[Tarantool-patches] [PATCH luajit v1] tools: fix luajit-gdb stack dump
Sergey Kaplun
skaplun at tarantool.org
Wed Jul 21 11:49:50 MSK 2021
Igor,
On 20.07.21, Igor Munkin wrote:
> Sergey,
>
> Thanks for the patch! Nice catch, actually! I wonder, how much impact
> this bug made while digging the crash reports. Anyway, LGTM, but
> consider several nits below.
Actually, not too much. It is the unique situation, when we have naked
guest Lua stack without any function call.
Branch is force-pushed with the changes below.
>
> On 18.06.21, Sergey Kaplun wrote:
> > When there is only one frame (so-called dummy frame) with a dummy thread
> > on stack bottom at L->base - 1 - LJ_FR2, stack dump does not show stack
> > slots from bottom to top, because the frame link is already pointed to
> > stack bottom (dummy thread mentioned above). Its output looks like the
>
> Too much information in a single sentence. I consider the following info
> vital to understand the patch.
> * Dummy frame is the particular and kinda "initial" coroutine state,
> when the framelink slot (i.e. L->base - (1 + LJ_FR2)) is the most
> bottom slot of the guest stack (i.e. L->stack).
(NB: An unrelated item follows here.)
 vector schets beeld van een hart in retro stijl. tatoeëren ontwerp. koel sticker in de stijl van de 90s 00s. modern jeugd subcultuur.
> * Since coroutine stack unwinding is implemented via precondition loop,
> no slots are dumped from L->top to L->base in case when only dummy
> frame is on the stack.
> * Python is a crap language, and seems like postcondition loop violates
> The Zen (this is too hard for users, isn't it?), so Guido decided not
> to introduce such construction in the language at all.
>
> #ifdef offtop
> I dare to guess, it was just too hard to distinguish precondition
> from postcondition in "colon&spaces" paradigm; glad Larry Wall
> decided to use braces for blocks, and Roberto just left Pascalish
> syntax for this. I'm upset with the GDB guys choice every time we're
> back to developing this extension.
I suppose that it just was rather simple and one of the most popular
languages at the moment of making decision.
> #endif
>
> comment.yield()
>
> > following:
> >
> > | 0x7fb512ac40:0x7fb512ac70 [ ] 7 slots: Red zone
> > | 0x7fb512ac38 [ M]
> > | 0x7fb512ab28:0x7fb512ac30 [ ] 34 slots: Free stack slots
> > | 0x7fb512ab20 [ T ]
> > | 0x7fb512ab08:0x7fb512ab10 [S ] FRAME: dummy L
>
> Minor: I guess, you can align the output. At least I see no reason not
> to do this.
>
> >
>
> comment.resume()
>
> Hence, there is no other option except unroll the first iteration and
> reorder stack slots dump with moving framelinks downwards to the
> coroutine stack bottom.
>
> > This patch unrolled first loop iteration. Stack dump first inspect all
> > fields for the top frame and then continue if there are other frames.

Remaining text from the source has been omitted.